Adams Papers

From John Adams to Benjamin Rush, 10 February 1812

Quincy Feb. 10 1812

Mr Dreamer!

your Dream is out, and the Passage you read in the History that Richard was reading is come to pass: notwithstanding you said you believed no History but the Bible.

Mr Mediator! You have wrought Wonders! You have made Peace between Powers that never were at War! You have reconciled Friends that never were at Enmity! You have brought again Babylon and Carthage long Since <into Existen> annihilated, into Fresh Existence! Like the Pythoness of Endor you have called up Spirits from the vasty deep of Obscurity and Oblivion, to a new acquaintance with each other!

Mr Conjuror! In Short the mighty <defunt> defunct Potentates of Mount <Wallaston> Wollaston and Monticello, by your Sorceries and Necromances, are again in Being. Intercource and Commerce have been restored by your Magic, between Neutrals, whose Interests and Reputation has been long Sacrificed by the Systems of Retalliation adopted by two hostile and enraged and infuriated Factions.

Huzza! you will Say, but what does all this Rhapsody mean? Nothing more nor less than that a Correspondence of thirty five or thirty Six years Standing interrupted by various Causes for <thirty five or Six> some time, has been renewed in 1812 and no less than four Letters have already passed between the Parties; Those from Jefferson written with all the Ellegance, purity and Sweetness, I would rather Say Mellifluity or Mellifluidity of his Youth and middle Age: and what I envy Still more with a firmness of Finger and a Steadiness of Chirography, that to me is lost, forever.

I Shall now flatter you or mortify you: I care not much, which.

Two or three days ago, I met at Dr Vintons in this Town a Review of your Lectures.
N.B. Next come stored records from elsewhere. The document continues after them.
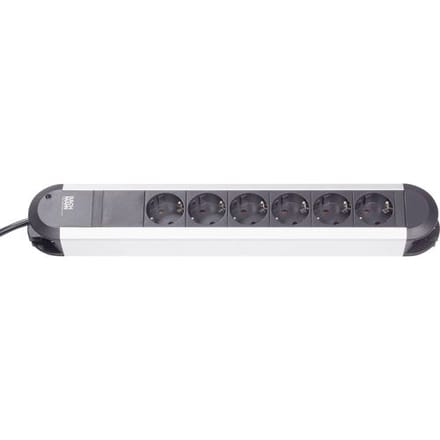 BACHMANN PRIMO stekkerdoos 6x geaard contact, aluminium, 1,75 m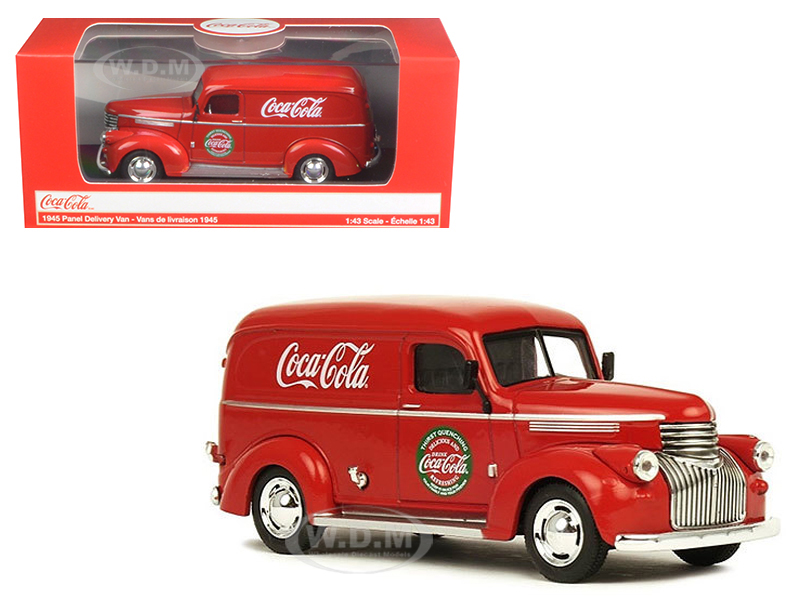 1945 "coca-cola" Panel Delivery Van Red 1/43 Diecast Model Car By Motorcity Classics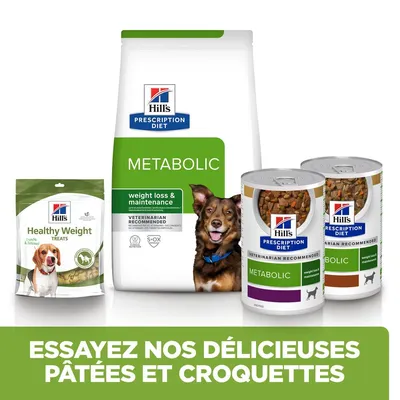 Hill's Prescription Diet Metabolic croquettes, pâtées et friandises Healthy Weight pour chien. Texte : Essayez nos délicieuses pâtées et croquettes.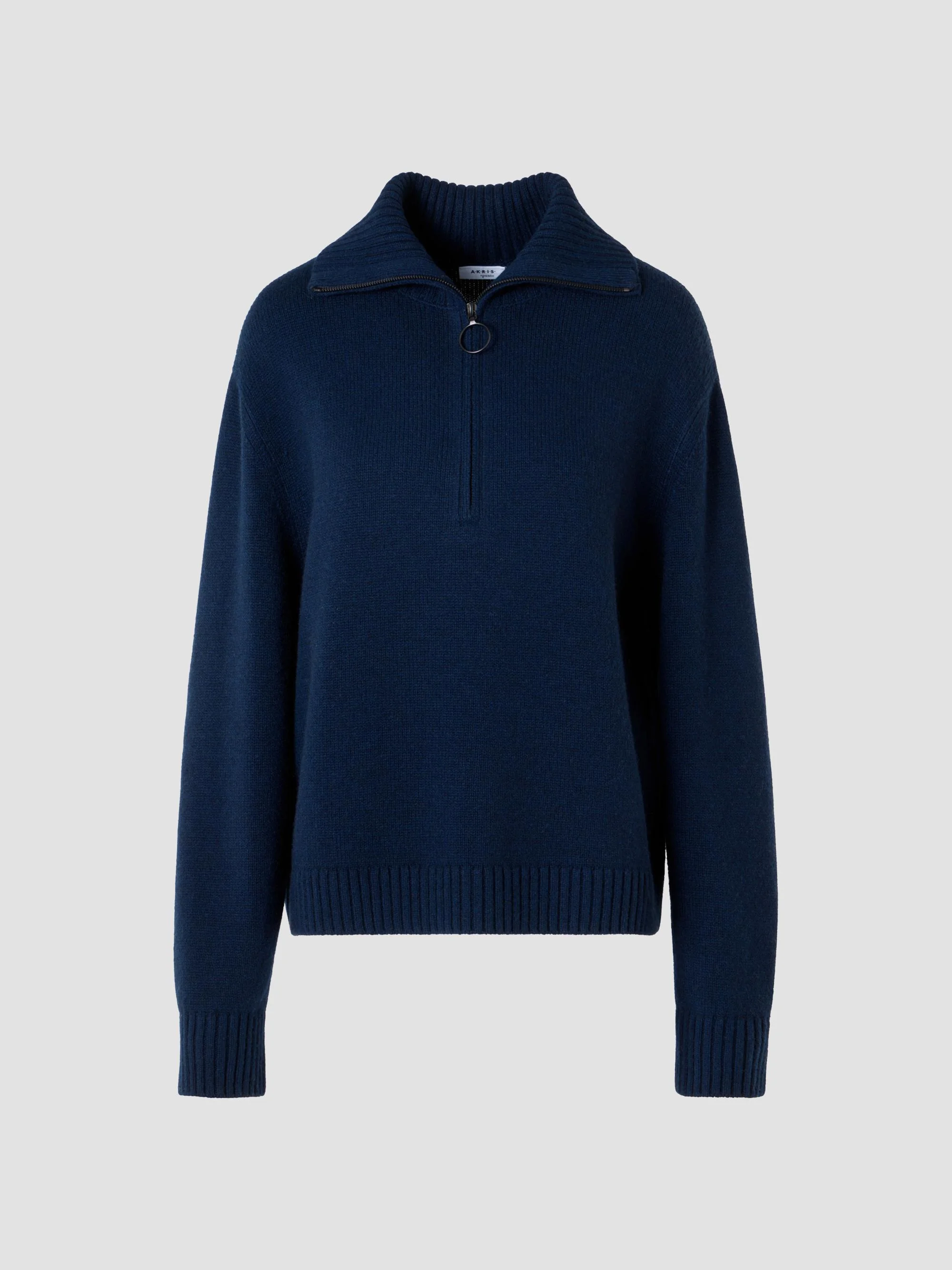 Women's Chunky Yak Knit Half-Zip Pullover - Navy - 1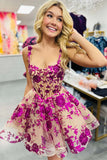 A-Line Corset Bodice Floral Fuchsia Homecoming Dress Party Dress-Pgmdress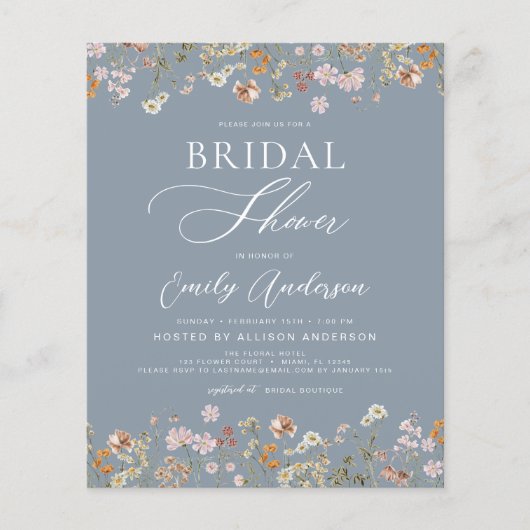Dusty Blue Wildflower Bridal Shower Uitnodiging Flyer (Voorkant)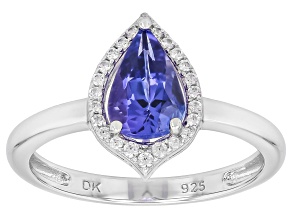 Blue Tanzanite with White Zircon Rhodium Over Sterling Silver Ring 1.09ctw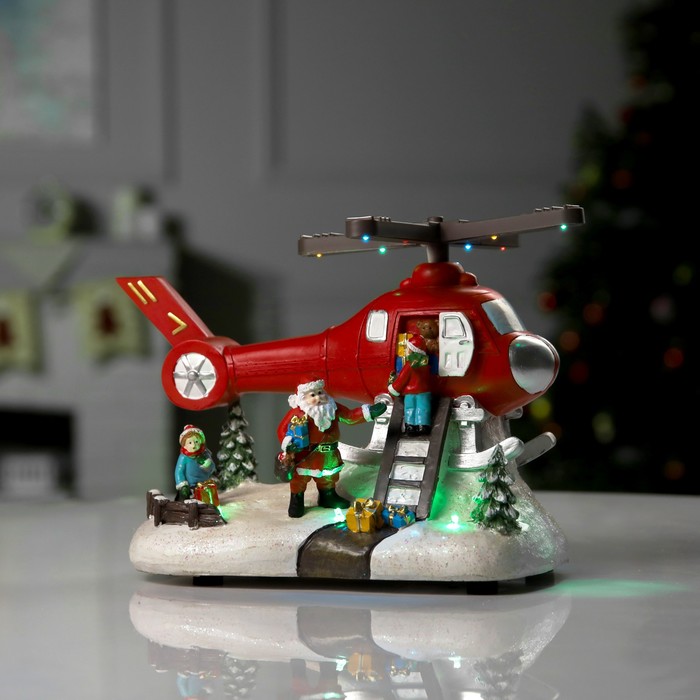 Светодиодная фигура «Вертолёт и Дед Мороз» 31.5 ? 18 ? 18 см, USB, свечение мульти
I lent the Copy you Sent me to our Lt Governor and his Lady, and have not Seen it Since. The Review is written I know not by whom; but I Suspect by Some young Phisitians of Boston. I assure You We have a Number of young Fellows in Boston whom you might justly be proud to boast, if they had been your Pupils, I had not time to read the whole, nor any Part with much Attention: but I was pleased to See and proud to See that they did you as much Justice as I could have done in Conscience. They explicitly and decidedly acknowledge your Superiority to every other Physician that is or has been in America: but they remonstrate with a Modesty and diffidence, in them extreamly amiable and becoming, against your disrespect for the learned Languages. In this I have the honour to unite with them in heart Soul, un[der]standing and Voice. God forbid that Greek Should ever be forgotten on This Globe, to which it is the greatest honour; the glory of all other Nations Since it, having been derived from it.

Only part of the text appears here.